Records for this task:

=== Section Start ===

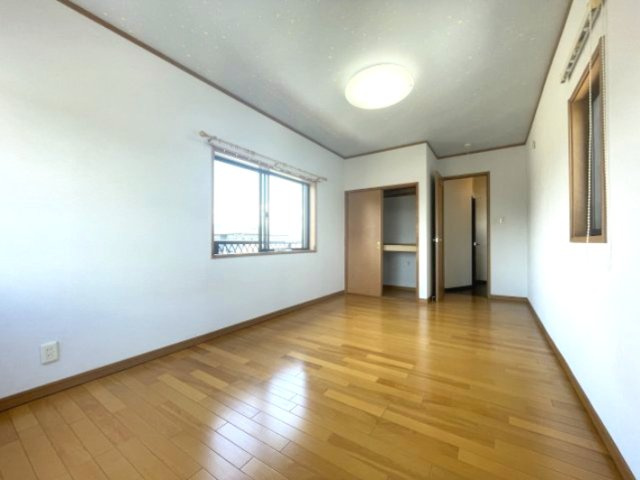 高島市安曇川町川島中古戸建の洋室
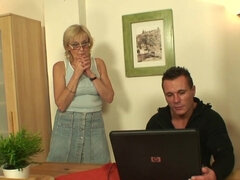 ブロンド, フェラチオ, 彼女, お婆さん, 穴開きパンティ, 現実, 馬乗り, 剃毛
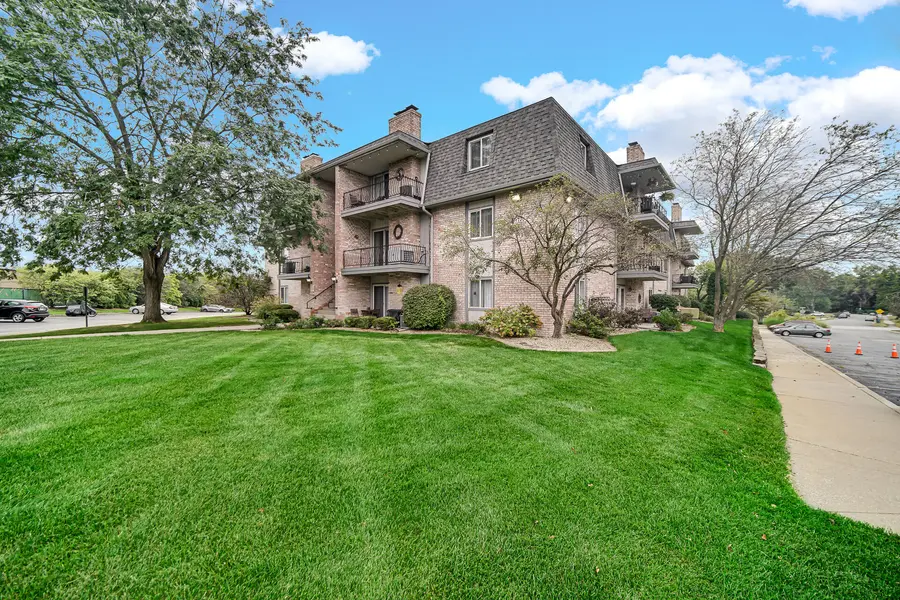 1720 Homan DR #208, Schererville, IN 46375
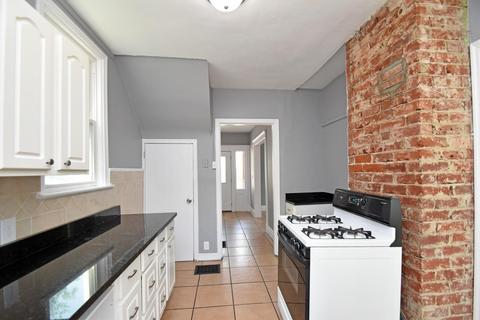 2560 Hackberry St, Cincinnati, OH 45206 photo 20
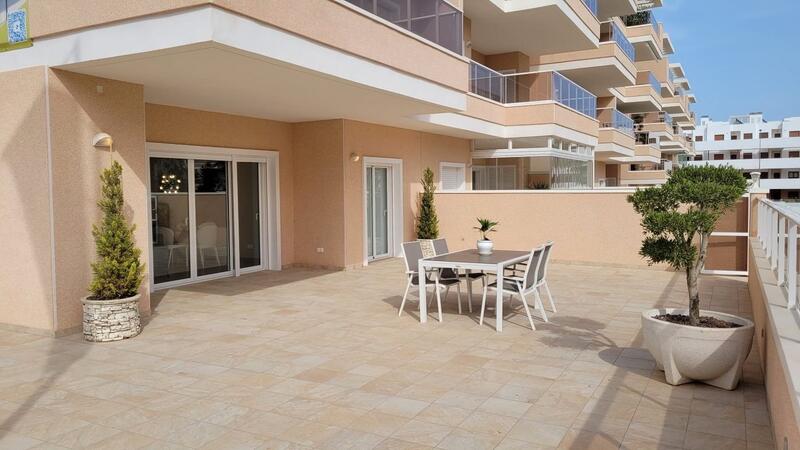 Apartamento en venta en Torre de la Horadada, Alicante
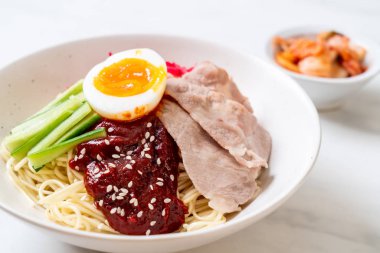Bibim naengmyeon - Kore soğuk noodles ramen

=== Section End ===

Work instructions:
Copy the full listing above exactly, apart from the pictures.

Finished exercise:
 高島市安曇川町川島中古戸建の洋室
 ブロンド, フェラチオ, 彼女, お婆さん, 穴開きパンティ, 現実, 馬乗り, 剃毛
 1720 Homan DR #208, Schererville, IN 46375
 2560 Hackberry St, Cincinnati, OH 45206 photo 20
 Apartamento en venta en Torre de la Horadada, Alicante
Bibim naengmyeon - Kore soğuk noodles ramen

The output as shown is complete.